One interesting point, raised by an enterprise in a chat, is whether AIops might have an impact on the network or other devices. This comment was made specifically with regard to LLMs/generative AI use of the Model Context Protocol (MCP), but the enterprise who made it pointed out it could also be a factor with even some uses of machine learning (ML).
MCP allows an LLM that’s been generally trained to pull specific data from a collection of sources. This is something enterprises are always interested in because they need their own business data to generate the most useful insights. It’s also critical for AIops because that application necessarily requires injection of real-time data into the model.
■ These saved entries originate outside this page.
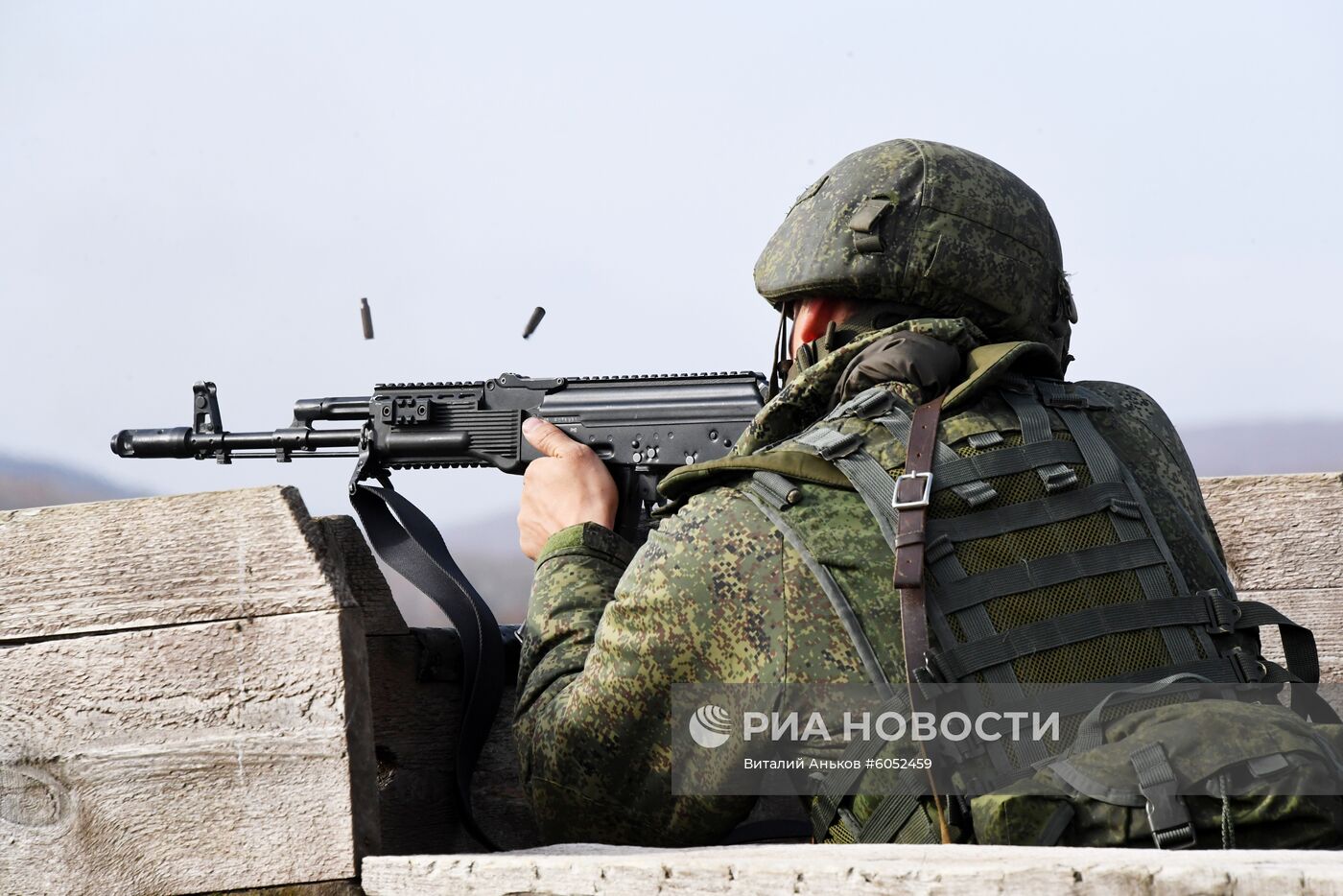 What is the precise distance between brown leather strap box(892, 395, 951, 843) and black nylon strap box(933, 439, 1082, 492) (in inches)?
1.6

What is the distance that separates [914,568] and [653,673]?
22.1 inches

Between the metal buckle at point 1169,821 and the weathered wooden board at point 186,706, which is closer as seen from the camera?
the metal buckle at point 1169,821

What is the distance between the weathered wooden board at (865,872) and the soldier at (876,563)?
505mm

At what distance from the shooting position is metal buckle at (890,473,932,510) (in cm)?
262

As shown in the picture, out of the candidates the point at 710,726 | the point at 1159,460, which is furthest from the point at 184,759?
the point at 1159,460

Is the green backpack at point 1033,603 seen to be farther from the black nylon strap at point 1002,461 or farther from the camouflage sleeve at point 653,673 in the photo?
the camouflage sleeve at point 653,673

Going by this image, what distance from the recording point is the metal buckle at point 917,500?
262cm

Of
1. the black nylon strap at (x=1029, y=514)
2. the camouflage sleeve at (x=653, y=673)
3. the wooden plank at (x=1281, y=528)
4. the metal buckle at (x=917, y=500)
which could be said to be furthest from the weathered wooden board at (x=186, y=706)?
the wooden plank at (x=1281, y=528)

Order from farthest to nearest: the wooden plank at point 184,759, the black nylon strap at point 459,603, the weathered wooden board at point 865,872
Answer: the black nylon strap at point 459,603
the wooden plank at point 184,759
the weathered wooden board at point 865,872

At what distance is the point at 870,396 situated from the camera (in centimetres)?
288

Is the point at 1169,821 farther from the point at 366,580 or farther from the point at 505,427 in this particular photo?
the point at 505,427

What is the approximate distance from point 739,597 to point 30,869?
138 centimetres

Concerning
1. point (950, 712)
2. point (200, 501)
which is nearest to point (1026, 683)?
point (950, 712)

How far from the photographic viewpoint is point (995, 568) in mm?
2631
The enterprise ran some tests using a self-hosted LLM model and MCP both to query a database and to invoke real-time requests of management interfaces. They found that it worked as long as you dipped into a database for device status rather than initiating polling of the device. Otherwise, complex issues that could involve a wide variety of gadgets could result in the model making so many status requests that it loaded the devices and management systems. You don’t have control of how a model evaluates information, and thus how often it might dip into real-time data. I haven’t heard that issue come up for Juniper or any other vendor’s own AIops stuff, but it’s worth thinking about.
AIops is surely one of the most potentially valuable missions for AI, but enterprises are realizing that it’s not just a simple matter of asking a chatbot “What’s wrong with my network and how do I fix it?” Hopefully, this will drive more innovation in the AIops area, and result in even better business outcomes.